# rain



## Hobbitsproton (Jun 10, 2008)

will this blasted bad weather ever stop???

i can't get cleaning the car and its driving me nuts


----------



## Ruth M (Feb 27, 2006)

its a nightmare here, im cleaning an integra and even tho i have a garage i need to get it outside to inspect- everytime i put it outside its sunny then its raining within 5minutes!! Grrr


----------



## NUM NUTZ (Jun 19, 2008)

it never stops raining in Ireland!


----------



## ClarkeG (Jun 17, 2006)

Yea its driving me mad, looks like a nice day, wash the car then as soon as you've finished drying it off the clouds turn grey and it pi**es down!!.


----------



## Garry Spight (May 20, 2008)

its nice and sunny here in herts


----------



## Lirin (Jun 9, 2008)

It's allright sweet- when the rain stops, I'll let you have my car to play with also to air your frustrations....


----------



## Hobbitsproton (Jun 10, 2008)

only if you look the other way when my rotary polisher arrives


----------



## Ronnie (Nov 15, 2006)

no rain here all day its a wee suntrap!


----------



## Hobbitsproton (Jun 10, 2008)

lol lucky for some


----------



## Hobbitsproton (Jun 10, 2008)

well tried to get the car cleaned today again.. was half way around they car sponging away when it chucked it down..

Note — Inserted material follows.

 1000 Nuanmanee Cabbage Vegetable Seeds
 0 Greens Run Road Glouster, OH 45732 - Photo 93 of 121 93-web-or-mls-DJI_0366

decided to carry on regardless, just to get the road dirt of it.. you should have seen the looks i was getting slopping suds over the car in the rain lol.


----------



## freon warrior (May 31, 2006)

More rain on the way! Just found this radar image:









I am in the dry bit in the SE but not for much longer!


----------



## Hobbitsproton (Jun 10, 2008)

oh NI looks like it might actually be dry for the weekend


----------



## cdti_sri (Jul 17, 2006)

Heres hoping it is dry cause my new car is at the dealers!!!


----------